After converting all four queries, copying, pasting, and tweaking the SQL source, I end up with this:
with SA001OUT as (SELECT ALL T02.ITEM, SUM(T02.QUANTITY) AS QUANTITY01 FROM TINVHDR T01 INNER JOIN TINVLINE T02 ON T01.INVNO = T02.INVNO WHERE T01.INVDATE BETWEEN 20160101 AND 20161231 GROUP BY T02.ITEM), SA002OUT as (SELECT ALL T02.ITEM, SUM(T02.QUANTITY) AS QUANTITY01 FROM TINVHDR T01 INNER JOIN TINVLINE T02 ON T01.INVNO = T02.INVNO WHERE T01.INVDATE BETWEEN 20160101 AND 20160531 GROUP BY T02.ITEM), SA003OUT as (SELECT ALL T02.ITEM, SUM(T02.QUANTITY) AS QUANTITY01 FROM TINVHDR T01 INNER JOIN TINVLINE T02 ON T01.INVNO = T02.INVNO WHERE T01.INVDATE BETWEEN 20170101 AND 20170531 GROUP BY T02.ITEM) SELECT T02.QUANTITY, T01.INVNO, T02.LINENO, T01.INVDATE, T01.CUSTNO, T03.QUANTITY01, T04.QUANTITY01, T05.QUANTITY01 FROM TINVHDR T01 LEFT OUTER JOIN TINVLINE T02 ON T01.INVNO = T02.INVNO LEFT OUTER JOIN SA001OUT T03 ON T02.ITEM = T03.ITEM LEFT OUTER JOIN SA002OUT T04 ON T02.ITEM = T04.ITEM LEFT OUTER JOIN SA003OUT T05 ON T02.ITEM = T05.ITEM WHERE T01.INVDATE = 20170531 ORDER BY T02.ITEM ASC;
The parts in red are modifications. Notice also that I removed the library names, as I am wild about using the library list. In fact, I had to remove the library names from the work files, otherwise the main SELECT (the last one) would have read physical files SA001OUT, SA002OUT, and SA003OUT instead of the common table expressions of the same names.

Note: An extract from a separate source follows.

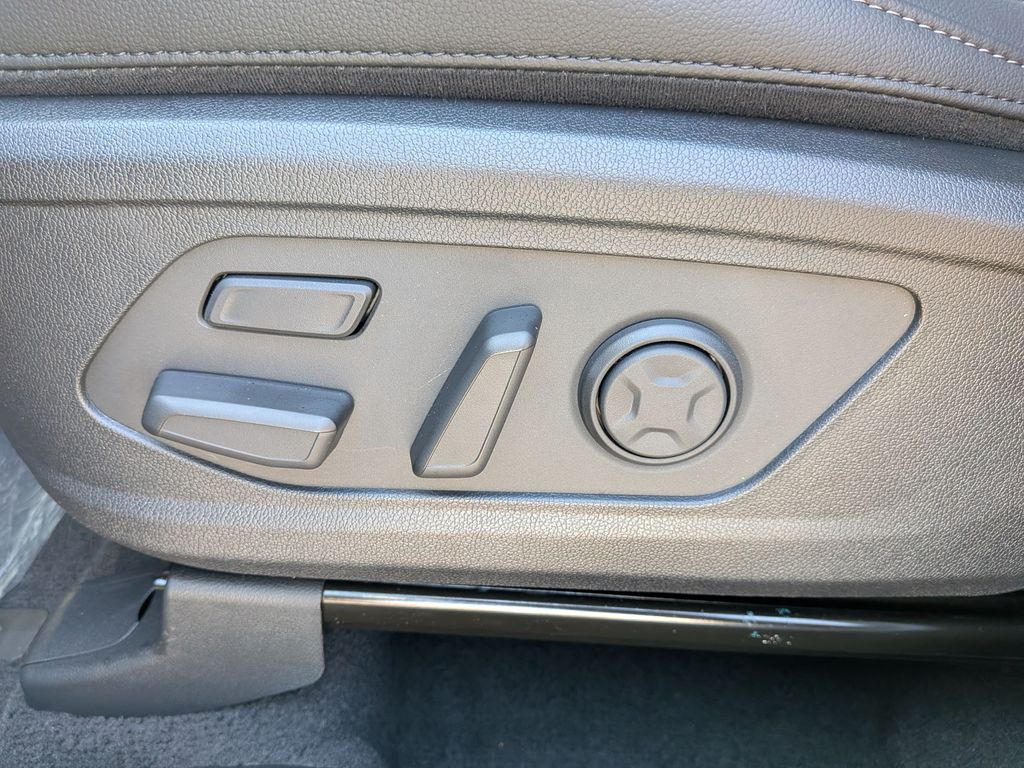 New 2026 White Kia X-Line SX Prestige image 41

Where you go from here is up to you. Modify the SQL as you wish. Put your new SQL in a stored procedure. Embed it in an RPG program. Run it in a GUI query tool.
This is not the only way to convert a query chain to SQL, but it’s an easy, straightforward way. It probably won’t perform any worse than the queries it replaced, and now you have something you can work with.
Ted, I prefer a more inline approach using join table. Seems to run much faster.
SELECT T02.QUANTITY, T01.INVNO, T02.LINENO, T01.INVDATE,
T01.CUSTNO, IFNULL(T03.QUANTITY01,0), IFNULL(T04.QUANTITY01),
IFNULL(T05.QUANTITY01)
FROM TINVHDR T01
JOIN TINVLINE T02 ON T01.INVNO = T02.INVNO
JOIN TABLE( SELECT SUM(T02.QUANTITY) AS QUANTITY01
FROM TINVHDR X
JOIN TINVLINE T02 ON T02.INVNO = X.INVNO
WHERE X.INVNO = T01.INVNO
AND X.INVDATE BETWEEN 20160101 AND 20161231
) ON 1=1 AS T03
JOIN TABLE( SELECT SUM(T02.QUANTITY) AS QUANTITY01
FROM TINVHDR X
JOIN TINVLINE T02 ON T02.INVNO = X.INVNO
WHERE X.INVNO = T01.INVNO
AND X.INVDATE BETWEEN 20160101 AND 20160531
) ON 1=1 AS T04
JOIN TABLE( SELECT SUM(T02.QUANTITY) AS QUANTITY01
FROM TINVHDR X
JOIN TINVLINE T02 ON T02.INVNO = X.INVNO
WHERE X.INVNO = T01.INVNO
AND T01.INVDATE BETWEEN 20170101 AND 20170531
) ON 1=1 AS T05
WHERE T01.INVDATE = 20170531
ORDER BY T02.ITEM ASC;
Little typo error on the IFNULL, but you should get the jest of it.
Hi Ted, is it possible to create unique clustered indexes on a view of multiple joined tables?
Indexes are created over tables, Allan. Not views. So, no, I don’t think it is possible.